LANケーブルは通信品質を保つために、2芯単位でより合わせられており、電話用のフラットケーブルよりも少し厚みがあります。
ケーブルを保護するために、ケーブルの左右にガイドがついているタイプもあります。
ガイドがついた状態のままでは、配線時に方向を曲げることが難しくなるので、曲げる部分に関しては、ガイド部分を取り除いて配線します。
LAN用フラットケーブルは、電話用フラットケーブルと異なり、1本につき8芯(4P)全て必要となるため、1P単位での分離はできません。
通常のケーブルをフラットに変換するための補助用品
補助用品を用いることで、通常のケーブル (丸型のケーブル) をカーペット下に配線することもできます。

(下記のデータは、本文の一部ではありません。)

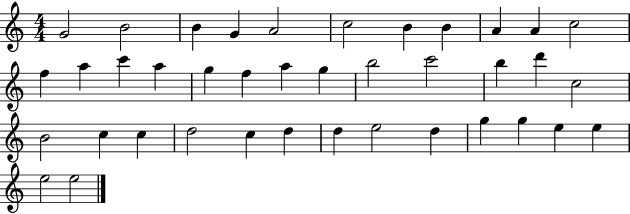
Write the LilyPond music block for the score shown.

{
  \clef treble
  \numericTimeSignature
  \time 4/4
  \key c \major
  g'2 b'2 | b'4 g'4 a'2 | c''2 b'4 b'4 | a'4 a'4 c''2 | \break f''4 a''4 c'''4 a''4 | g''4 f''4 a''4 g''4 | b''2 c'''2 | b''4 d'''4 c''2 | \break b'2 c''4 c''4 | d''2 c''4 d''4 | d''4 e''2 d''4 | g''4 g''4 e''4 e''4 | \break e''2 e''2 | \bar "|."
}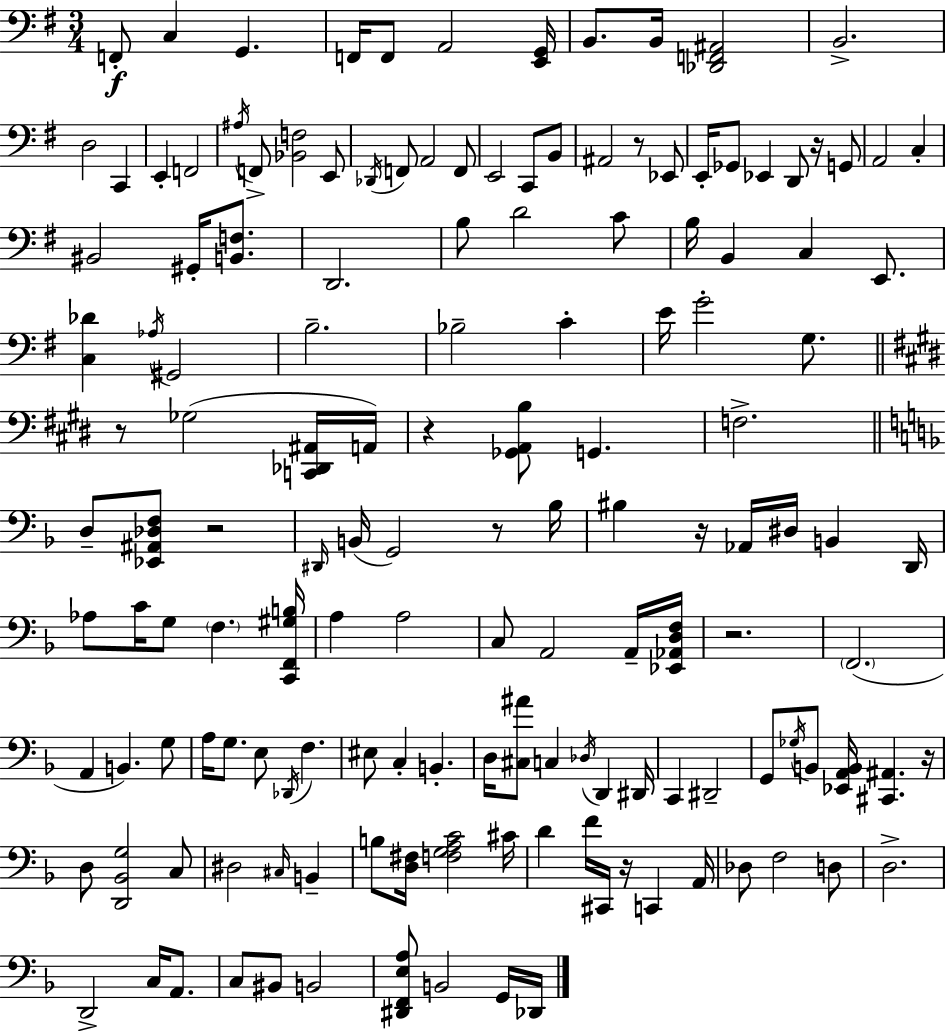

補助用品にはケーブルを入れ込む溝があり、溝以外のガイド部分は、なだらかな斜面になっています。
ガイド部分で溝に入れたケーブルを保護するので、踏まれても大丈夫なようになっていますが、フラットケーブルに比べるとかなり厚みがあるので、あまり多用することはできません。
ピンポイントでケーブルを床下に隠したいときに使用しましょう。
フラットケーブルの配線経路
フラットケーブルを使用するためには次の条件が前提になります。
- 床面がタイルカーペットであること
- 床面が絨毯であること
また、ケーブルが隠れるからといって、どこでも配線していいわけではありません。
フラットケーブルを配線するにあたって、最適な経路を選択するようにしましょう。
フラットケーブルに荷重がかからないようにしよう
フラットケーブルの上に、大きな荷重がかかる場所は、配線経路からはずしましょう。
- 机の脚の下
- キャビネットの下敷きになる
- 椅子の稼働範囲
これらの場所を配線経路に選択すると、次のようなデメリットがあります。
- ケーブルがショート (短絡) してしまう
- ケーブルが断線してしまう
- 接続している機器の故障の原因になる
気を付けないといけませんね。
机の下に配線するときはできるだけ端を選ぼう
ケーブルを接続するための機器は、たいてい机の上にあるものです。
机の下にフラットケーブルを配線するときは、次のように配線しましょう。
- 机に対して水平、もしくは垂直になるように配線
- できるだけ机の端に沿わせる形で配線
- 机の脚の下敷きにならないように配線
机の端付近を選択する理由は
- 邪魔になりにくく
- 椅子の稼働範囲に入らず
- 踏まれることも少ないので
- ケーブルも損傷を受けることが少ない
からです。
できるだけ通路の端を選ぼう
通路上にフラットケーブルを配線するときは、通路の真ん中ではなく、できるだけ端を経路として選びましょう。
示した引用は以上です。